Short web captions
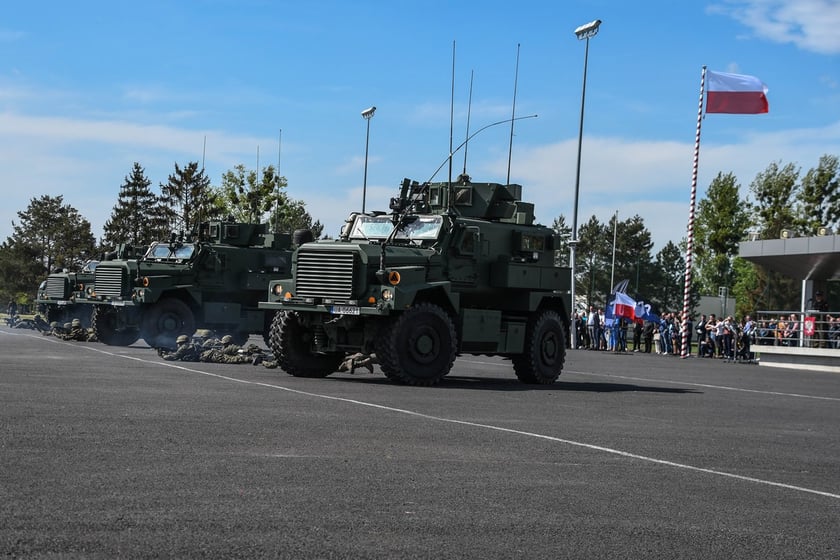 Uroczysta przysięga w 10 Brygadzie Łączności we Wrocławiu, 28.04.2024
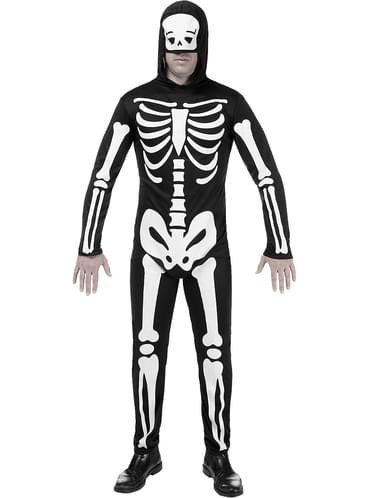 Disfraz de esqueleto para hombre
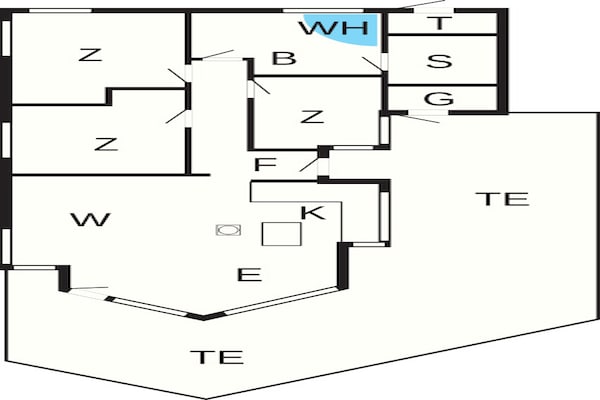Foto van 4 sterren vakantie huis in FRIEDRICHKOOG - Vakantiehuis in FRIEDRICHKOOG - FloorPlan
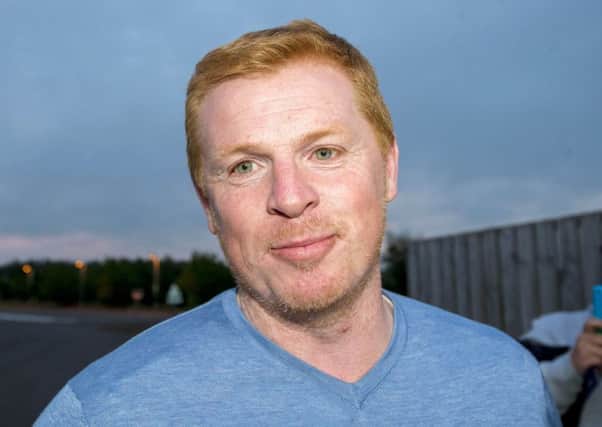 Neil Lennon was at East Mains to complete his deal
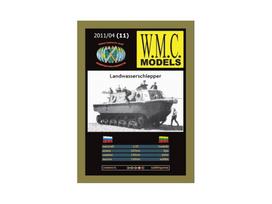 WMC Landwasserschlepper lazeriu pjauti vikšrai, mastelis 1:25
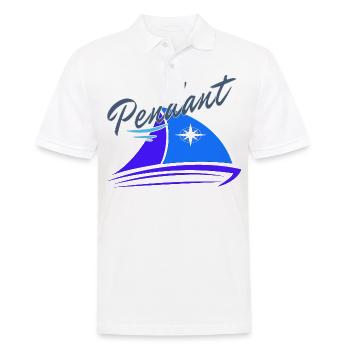 Pendant on board sailor skipper sailingboat sail - Men's Polo Shirt - white - Front - Kai (181cm)
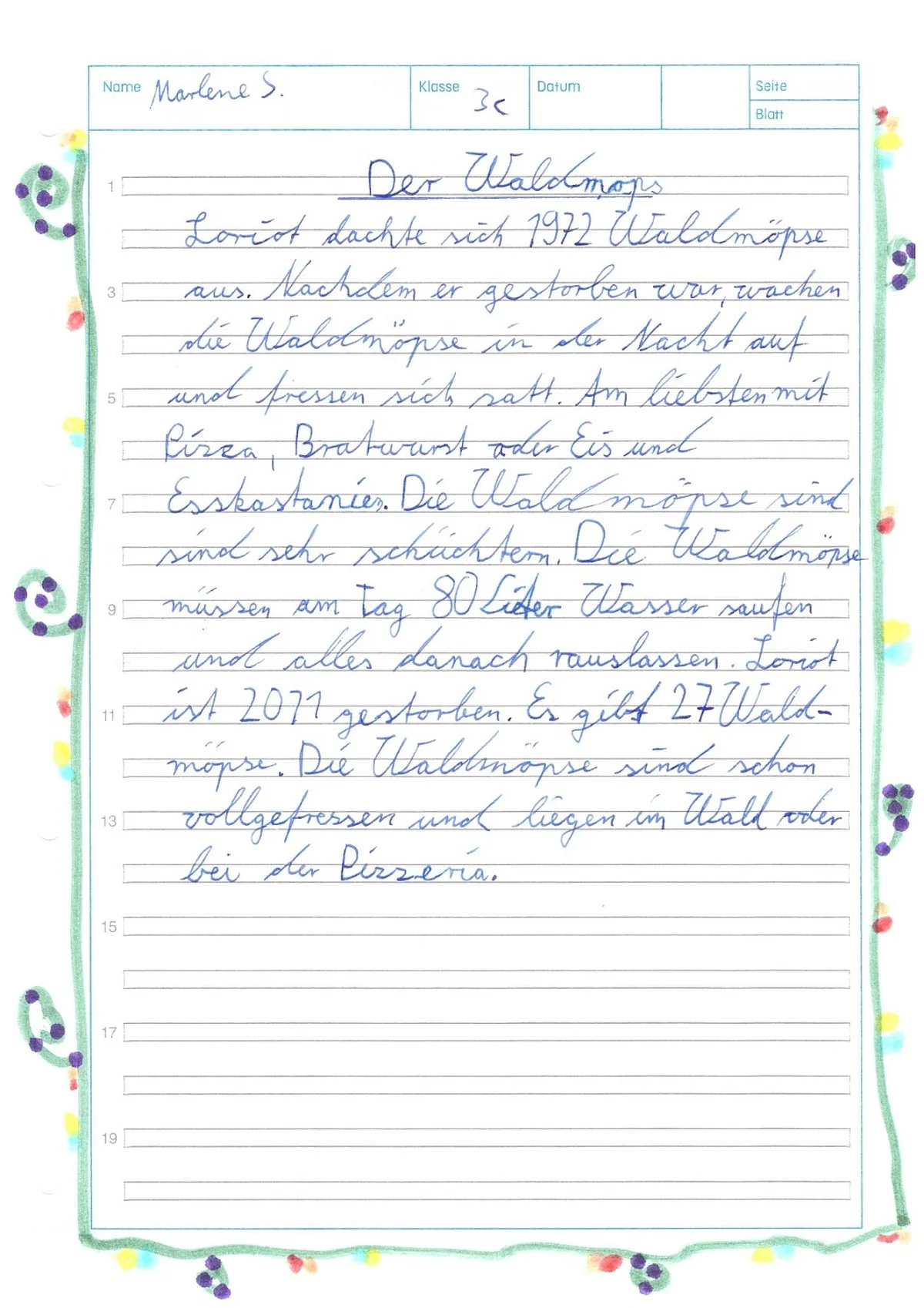 Brandenburger Waldmops: Was Kinder jetzt über diesen Hund imitiert sehen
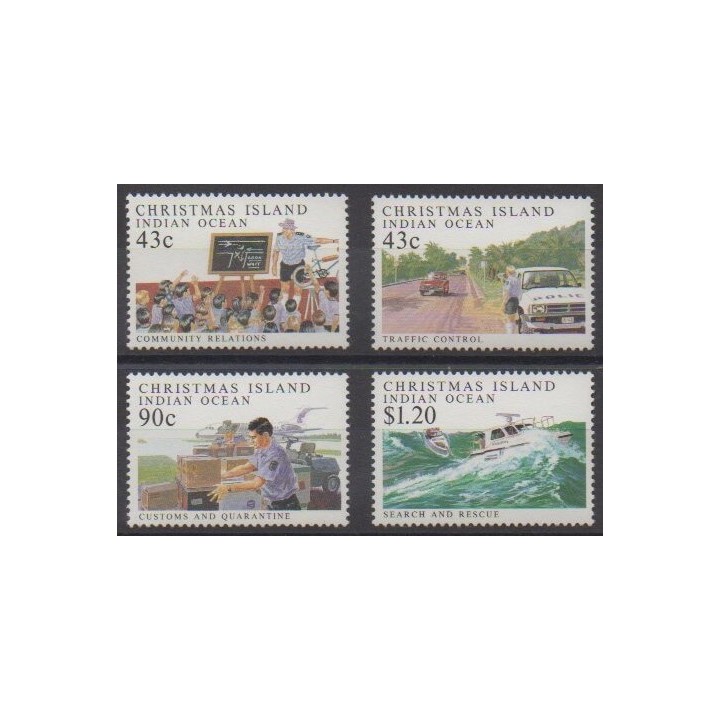 Acheter cette série de timbres des îles Christmas de l'année 1991 (No 337/340).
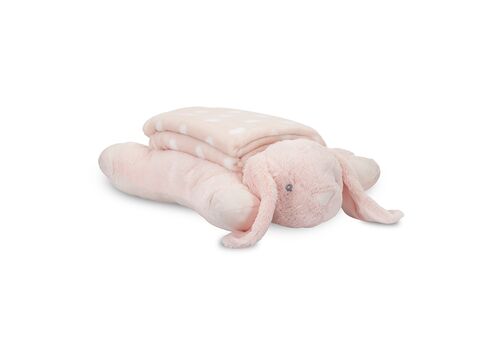 POFFY DUO κουβερτα 90х75см, με μαξιλαρακι ζωακι 45х30см Bunny POFFY DUO κουβερτα 90х75см, με μαξιλαρακι ζωακι 45х30см Bunny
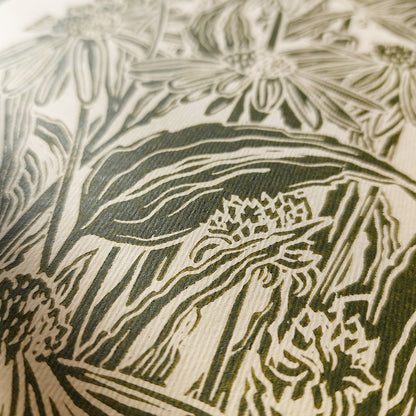 gallery wall set of 2 piece vintage anatomy echinacea purpurea flowers retro linocut print original artwork poison botanical master bedroom window nook decor sister gift floral lino rustic linogravure Sage green monochrome herb botanical 
natural history, vintage science, Retro artwork retirement Relief print realtor closing gift foyer wall art, Printmaking art plant lover gift original illustration original artwork one of a kind office wall decor nurse gift niece gift from aunt new mom gift new job gift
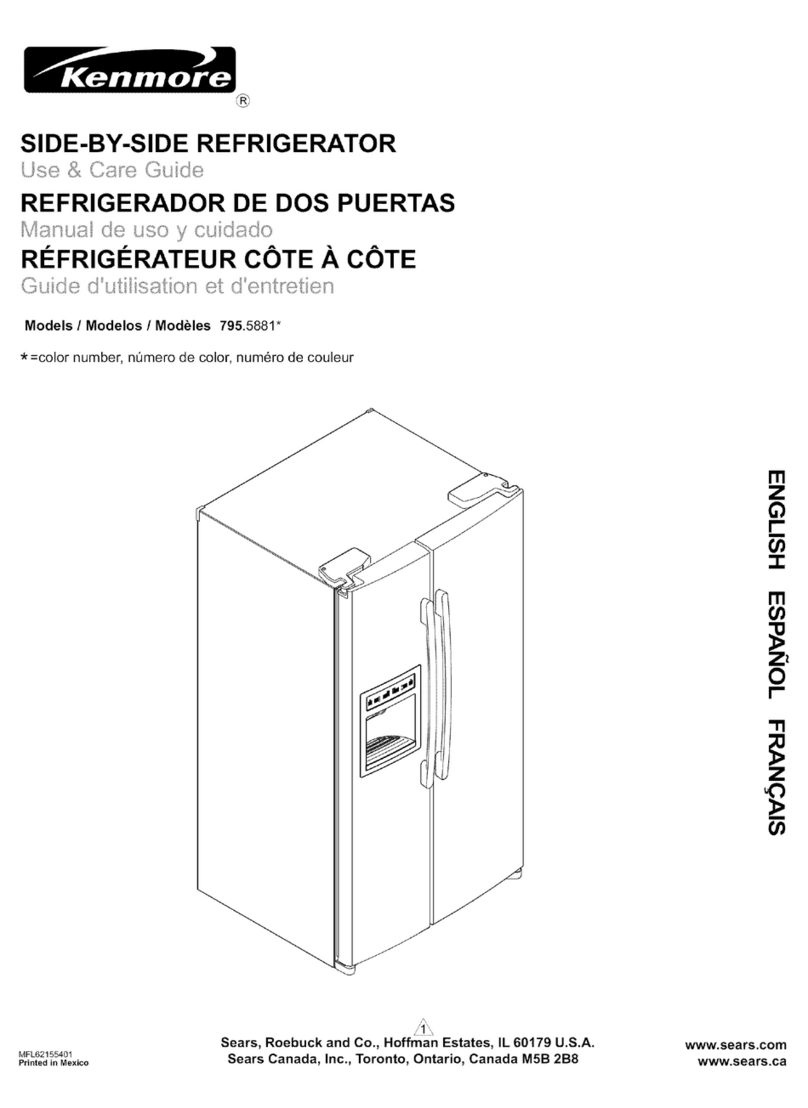 Kenmore 5881 - 26.5 cu. Ft. Refrigerator User manual
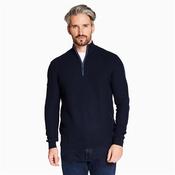 Leinster Quarter Zip Knit - Navy - M image
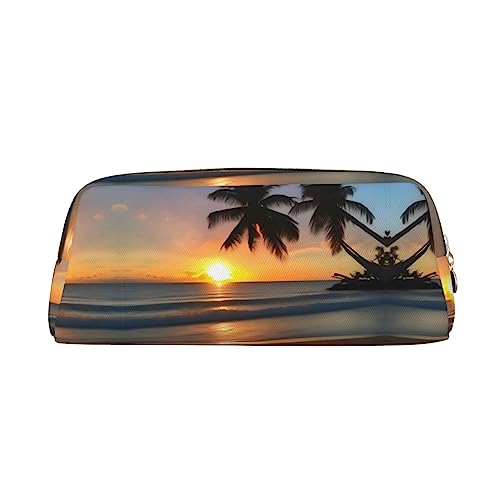 vacsAX Sunset beach Pencil Case Pencil Pouch Coin Pouch Cosmetic Bag Office Stationery Organizer Portable Pencil Bag von vacsAX
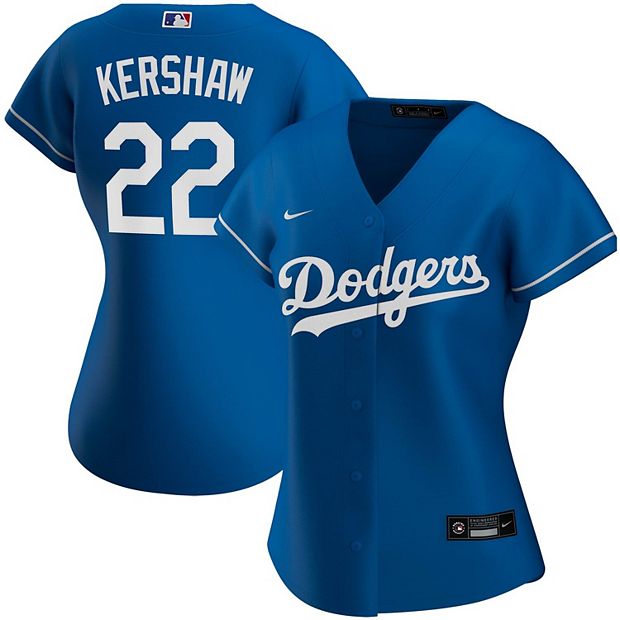 Women's Nike Clayton Kershaw Royal Los Angeles Dodgers Replica Player Jersey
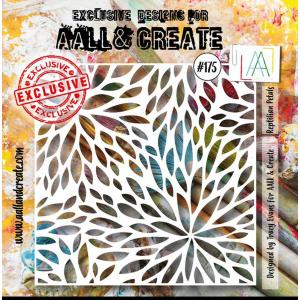 AALL & Create Stencil - Reptilian Petals #175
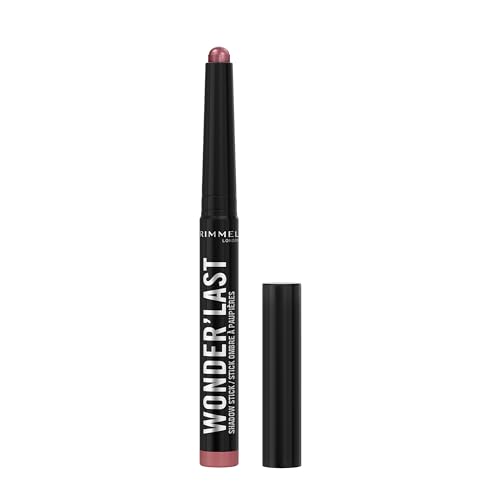 Rimmel Wonder'Last 007 Pink Fizz Lidschattenstift, lebendige und wirkungsvolle Farbe, einfach aufzutragen, angenehme Textur, ultra-cremige Formel, vegane Formel, 1,64 g von RIMMEL LONDON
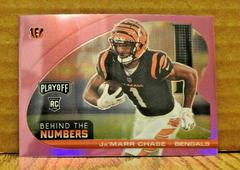 Ja'Marr Chase [Pink] #BTN-JCH Football Cards 2021 Panini Playoff Behind the Numbers Prices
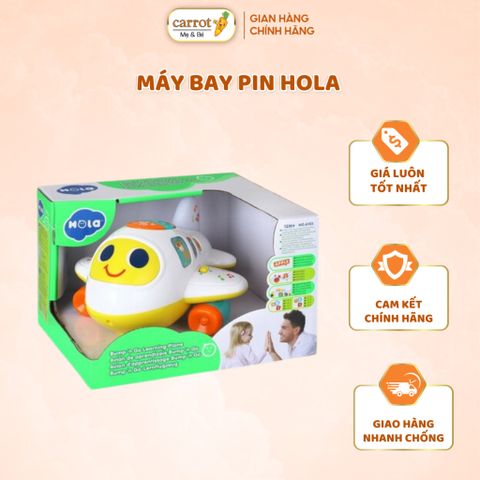 Đồ Chơi Máy Bay Học Tập Dùng Pin HOLA Cho Trẻ 12 Tháng + Nhựa ABS - Siêu Thị Mẹ Và Bé Carrot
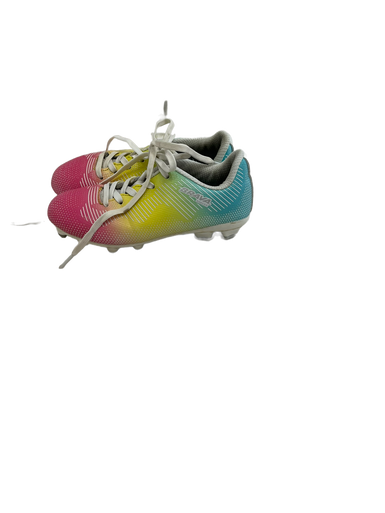 Used Brava RAINBOW Soccer Cleats Yellow Youth 12.0 11692-S000140654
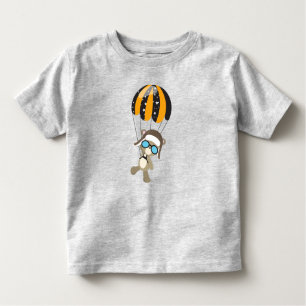 Aviator Bear, Pilot Bear, Cute Bear, Fallskärm T Shirt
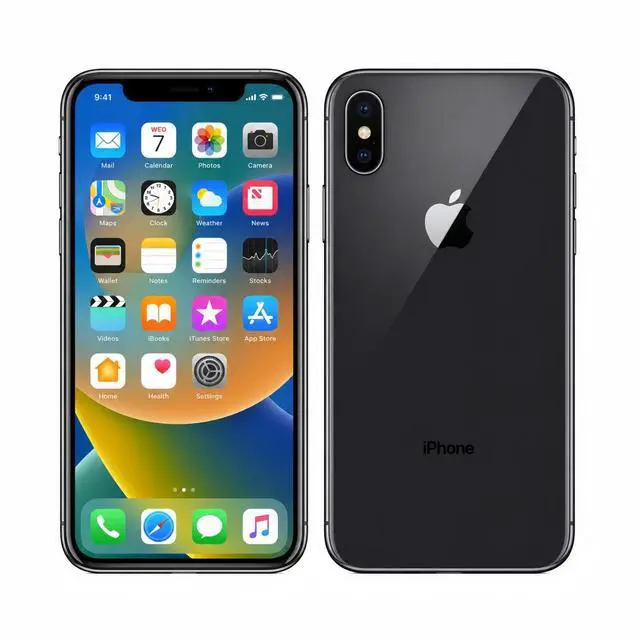Alt view image 2 of 7 - Refurbished Apple iPhone X 64GB Space Gray Unlocked Smartphone, 5.8" Super Retina OLED Display, A11 Bionic Chip, Face ID, iOS Cell Phone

# WORK ITEM
Only the lines above starting with the line with "Pendant on board" and going on through the line with "gallery wall set" belong in the answer; repeat them exactly, minus any picture.

# YOUR RESPONSE
 Pendant on board sailor skipper sailingboat sail - Men's Polo Shirt - white - Front - Kai (181cm)
 Brandenburger Waldmops: Was Kinder jetzt über diesen Hund imitiert sehen
 Acheter cette série de timbres des îles Christmas de l'année 1991 (No 337/340).
 POFFY DUO κουβερτα 90х75см, με μαξιλαρακι ζωακι 45х30см Bunny POFFY DUO κουβερτα 90х75см, με μαξιλαρακι ζωακι 45х30см Bunny
 gallery wall set of 2 piece vintage anatomy echinacea purpurea flowers retro linocut print original artwork poison botanical master bedroom window nook decor sister gift floral lino rustic linogravure Sage green monochrome herb botanical 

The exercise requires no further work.